WHAT YOU HAVE TO DO:
Your answer must restate each entry below word for word, with no pictures in it.
PROVIDED RECORDS START
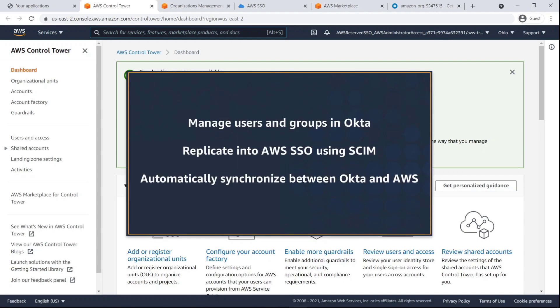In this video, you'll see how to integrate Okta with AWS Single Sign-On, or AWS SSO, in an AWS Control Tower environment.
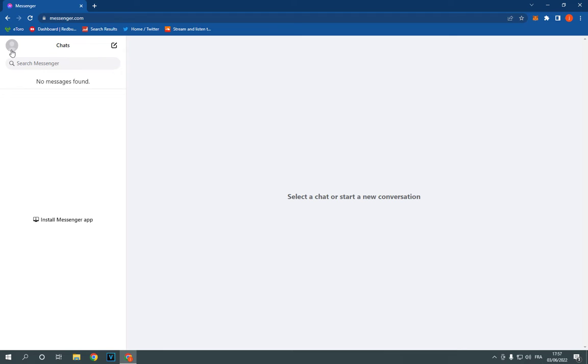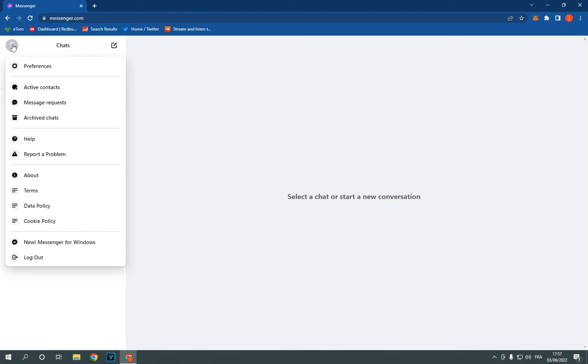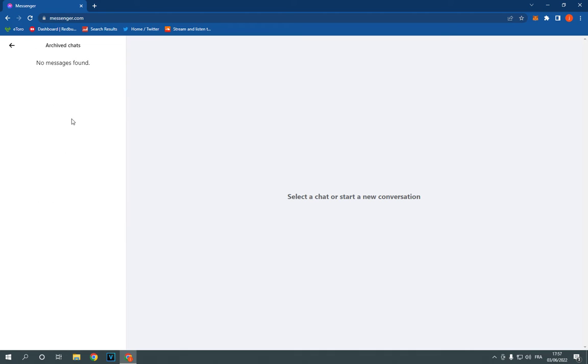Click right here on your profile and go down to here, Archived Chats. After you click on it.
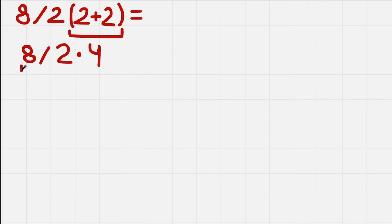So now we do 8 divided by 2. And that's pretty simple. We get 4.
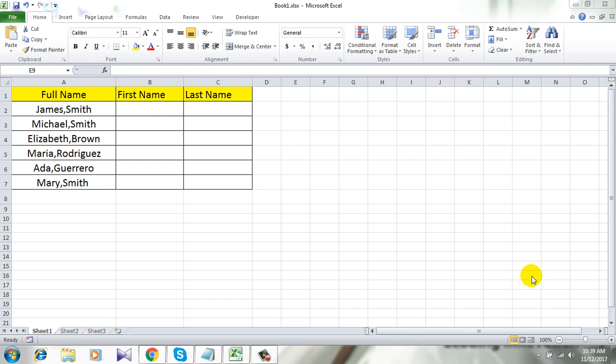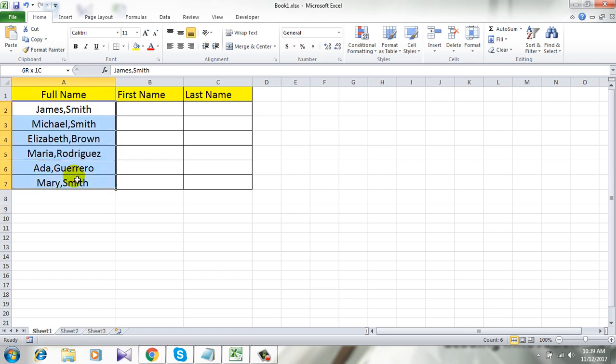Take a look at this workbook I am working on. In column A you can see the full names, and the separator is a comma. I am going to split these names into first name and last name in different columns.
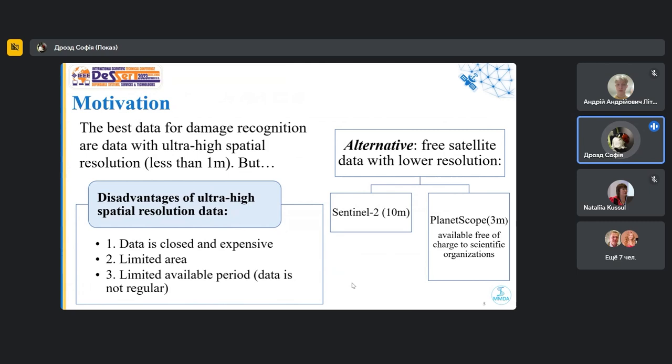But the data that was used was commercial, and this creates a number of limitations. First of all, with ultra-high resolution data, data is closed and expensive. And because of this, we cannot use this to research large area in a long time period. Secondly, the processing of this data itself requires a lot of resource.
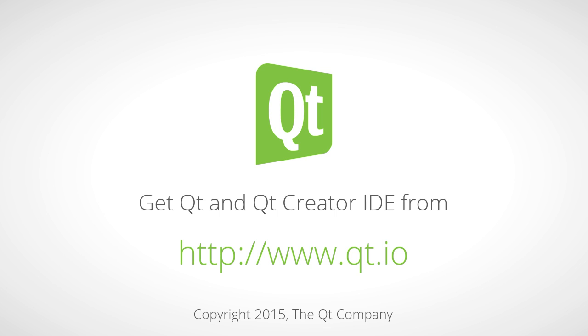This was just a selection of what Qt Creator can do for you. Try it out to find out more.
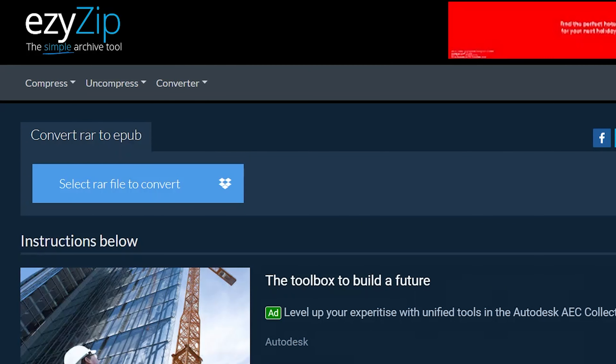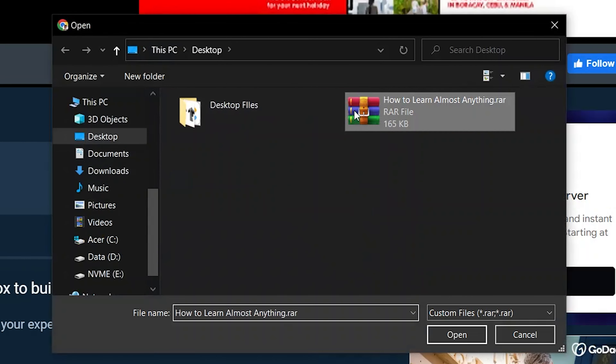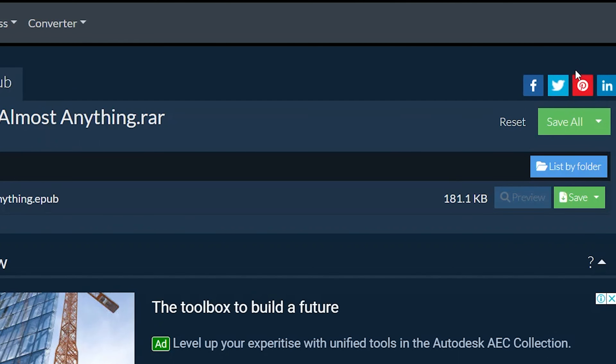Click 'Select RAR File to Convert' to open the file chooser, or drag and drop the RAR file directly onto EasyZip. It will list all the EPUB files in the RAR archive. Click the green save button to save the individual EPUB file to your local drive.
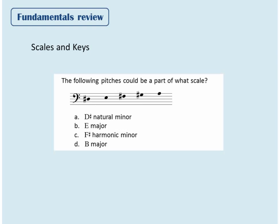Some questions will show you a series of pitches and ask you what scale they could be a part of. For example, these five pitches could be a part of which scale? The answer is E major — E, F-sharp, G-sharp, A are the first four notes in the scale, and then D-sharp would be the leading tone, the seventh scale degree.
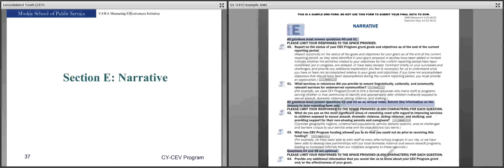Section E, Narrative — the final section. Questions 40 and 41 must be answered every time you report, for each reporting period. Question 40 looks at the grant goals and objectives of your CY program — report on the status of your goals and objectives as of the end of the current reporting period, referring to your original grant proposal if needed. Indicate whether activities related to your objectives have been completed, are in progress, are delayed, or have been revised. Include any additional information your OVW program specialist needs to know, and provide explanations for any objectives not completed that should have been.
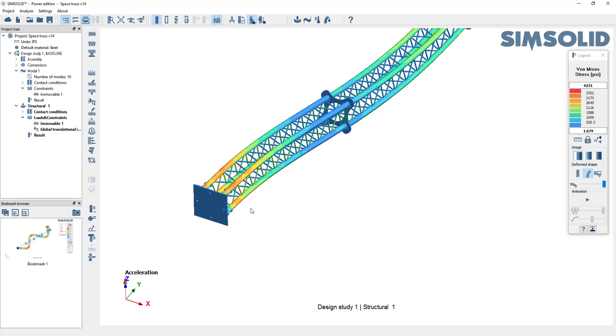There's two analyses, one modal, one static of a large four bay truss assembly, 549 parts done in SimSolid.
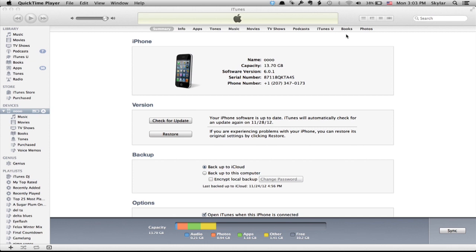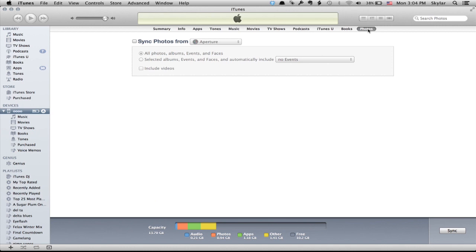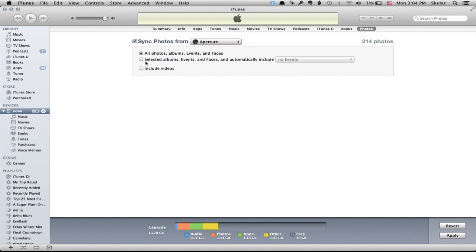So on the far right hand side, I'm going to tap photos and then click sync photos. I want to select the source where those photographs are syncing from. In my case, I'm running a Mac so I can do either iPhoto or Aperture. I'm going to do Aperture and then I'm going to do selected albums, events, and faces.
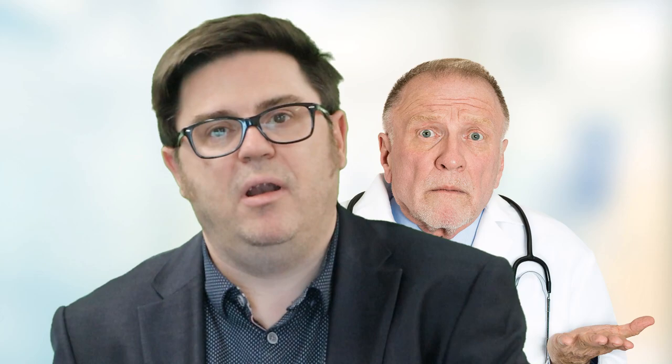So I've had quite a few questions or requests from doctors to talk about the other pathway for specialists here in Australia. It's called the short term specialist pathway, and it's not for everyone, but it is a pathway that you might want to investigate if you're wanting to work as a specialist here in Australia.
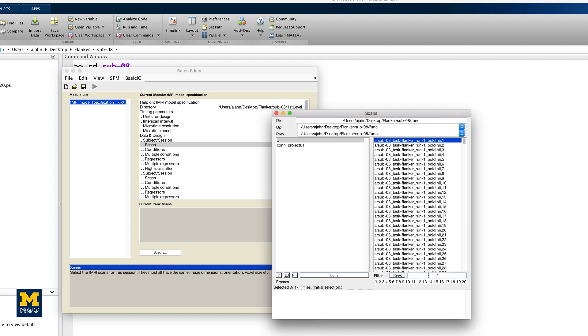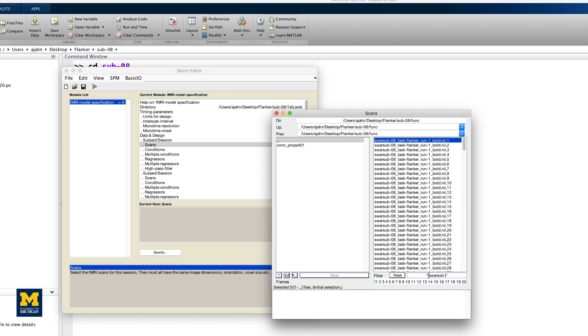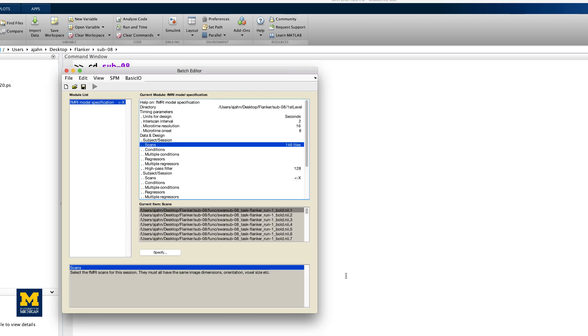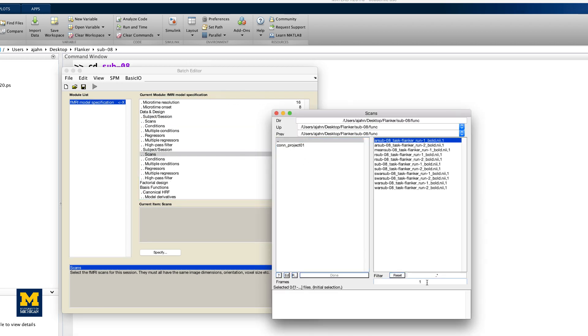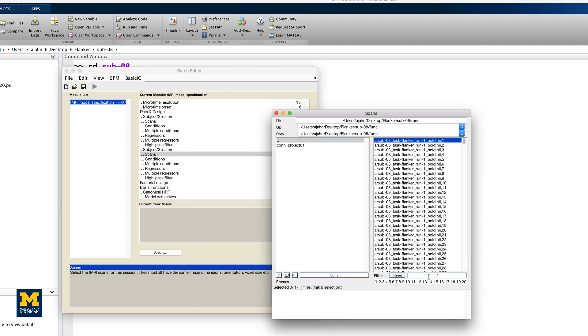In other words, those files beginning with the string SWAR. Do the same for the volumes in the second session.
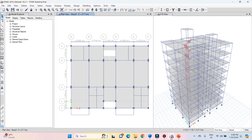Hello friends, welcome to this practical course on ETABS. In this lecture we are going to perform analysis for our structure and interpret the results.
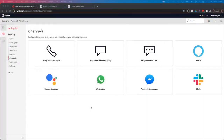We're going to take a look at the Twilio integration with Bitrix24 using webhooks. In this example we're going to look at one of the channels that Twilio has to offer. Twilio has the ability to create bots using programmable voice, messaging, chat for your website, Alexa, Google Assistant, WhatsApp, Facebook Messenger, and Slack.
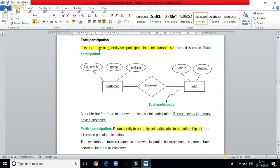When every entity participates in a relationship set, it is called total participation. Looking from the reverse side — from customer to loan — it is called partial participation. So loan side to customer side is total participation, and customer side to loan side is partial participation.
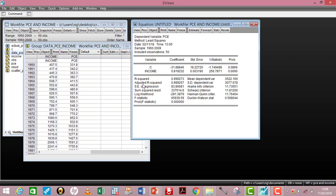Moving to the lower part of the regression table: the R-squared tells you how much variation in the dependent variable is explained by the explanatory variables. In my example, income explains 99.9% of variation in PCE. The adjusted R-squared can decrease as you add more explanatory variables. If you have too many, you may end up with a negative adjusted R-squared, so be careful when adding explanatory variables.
PROVIDED RECORDS END
ANSWER AREA:
In this video, you'll see how to integrate Okta with AWS Single Sign-On, or AWS SSO, in an AWS Control Tower environment.
Click right here on your profile and go down to here, Archived Chats. After you click on it.
So now we do 8 divided by 2. And that's pretty simple. We get 4.
Take a look at this workbook I am working on. In column A you can see the full names, and the separator is a comma. I am going to split these names into first name and last name in different columns.
But the data that was used was commercial, and this creates a number of limitations. First of all, with ultra-high resolution data, data is closed and expensive. And because of this, we cannot use this to research large area in a long time period. Secondly, the processing of this data itself requires a lot of resource.
This was just a selection of what Qt Creator can do for you. Try it out to find out more.
Click 'Select RAR File to Convert' to open the file chooser, or drag and drop the RAR file directly onto EasyZip. It will list all the EPUB files in the RAR archive. Click the green save button to save the individual EPUB file to your local drive.
Some questions will show you a series of pitches and ask you what scale they could be a part of. For example, these five pitches could be a part of which scale? The answer is E major — E, F-sharp, G-sharp, A are the first four notes in the scale, and then D-sharp would be the leading tone, the seventh scale degree.
Section E, Narrative — the final section. Questions 40 and 41 must be answered every time you report, for each reporting period. Question 40 looks at the grant goals and objectives of your CY program — report on the status of your goals and objectives as of the end of the current reporting period, referring to your original grant proposal if needed. Indicate whether activities related to your objectives have been completed, are in progress, are delayed, or have been revised. Include any additional information your OVW program specialist needs to know, and provide explanations for any objectives not completed that should have been.
There's two analyses, one modal, one static of a large four bay truss assembly, 549 parts done in SimSolid.
So on the far right hand side, I'm going to tap photos and then click sync photos. I want to select the source where those photographs are syncing from. In my case, I'm running a Mac so I can do either iPhoto or Aperture. I'm going to do Aperture and then I'm going to do selected albums, events, and faces.
So I've had quite a few questions or requests from doctors to talk about the other pathway for specialists here in Australia. It's called the short term specialist pathway, and it's not for everyone, but it is a pathway that you might want to investigate if you're wanting to work as a specialist here in Australia.
In other words, those files beginning with the string SWAR. Do the same for the volumes in the second session.
Hello friends, welcome to this practical course on ETABS. In this lecture we are going to perform analysis for our structure and interpret the results.
We're going to take a look at the Twilio integration with Bitrix24 using webhooks. In this example we're going to look at one of the channels that Twilio has to offer. Twilio has the ability to create bots using programmable voice, messaging, chat for your website, Alexa, Google Assistant, WhatsApp, Facebook Messenger, and Slack.
When every entity participates in a relationship set, it is called total participation. Looking from the reverse side — from customer to loan — it is called partial participation. So loan side to customer side is total participation, and customer side to loan side is partial participation.
Moving to the lower part of the regression table: the R-squared tells you how much variation in the dependent variable is explained by the explanatory variables. In my example, income explains 99.9% of variation in PCE. The adjusted R-squared can decrease as you add more explanatory variables. If you have too many, you may end up with a negative adjusted R-squared, so be careful when adding explanatory variables.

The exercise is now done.